There’s a lot of onion to unpeel in this Bain & Company infographic about the impact of automation on key U.S. sectors in the coming years. There are a few workplace surprises–libraries, grounds maintenance and personal care–hidden among the obvious contenders for automation’s employment slayers such production work, business and financial operations and transportation.

Bain estimates that by 2030 automation could eliminate between 20 percent and 25 percent of U.S. jobs. Bain describes this new period as “The Great Transformation,” noting that key characteristics of this period will be “the changing ages and stages of life, the rise of platforms and post-globalization in geopolitics.” It also will include the growth in use of a new hybrid robot, the cobot.

“Cobots, which sit alongside humans to enhance labor productivity in manufacturing, are an example of how companies are closing the cost gap. These helper robots cost less than one-quarter the price of traditional robots, and by 2013, they were already cheaper than human workers in every advanced economy and most developing economies,” according to Bain.
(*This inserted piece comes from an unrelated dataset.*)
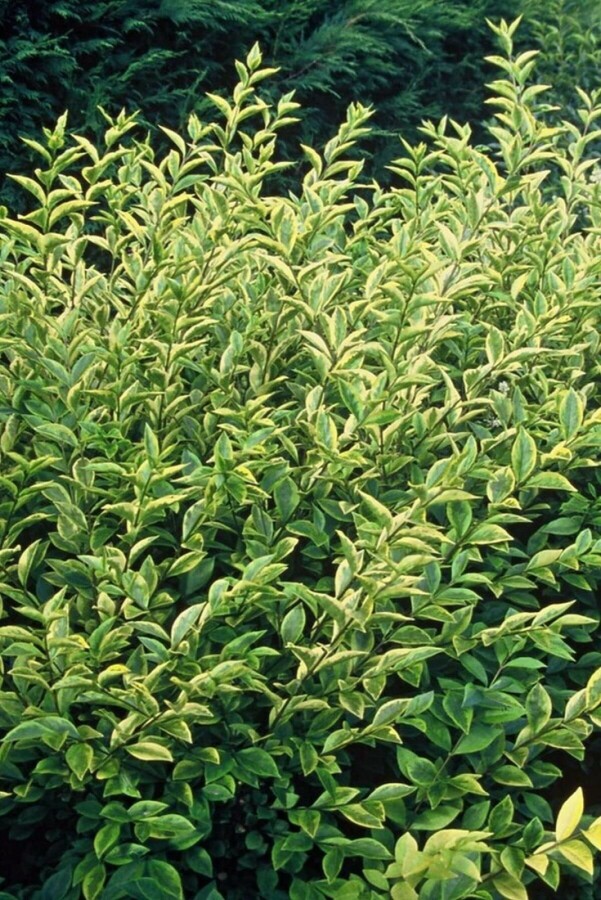 Ligustrum ovalifolium 'Aureum' | Bonte ligusterhaag (12L pot)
One of the reasons for the drive for automation in the U.S. is not just to boost productivity but also to supplement our shrinking labor force. Bain estimates that U.S. labor force growth will slow to 0.4 percent per year in the 2020s. The trend toward later retirements by Baby Boomers and Gen Xers won’t mitigate that looming problem, although adding more immigrants to the U.S. labor force mix might do that, a thought to consider for all those anti-immigrant advocates.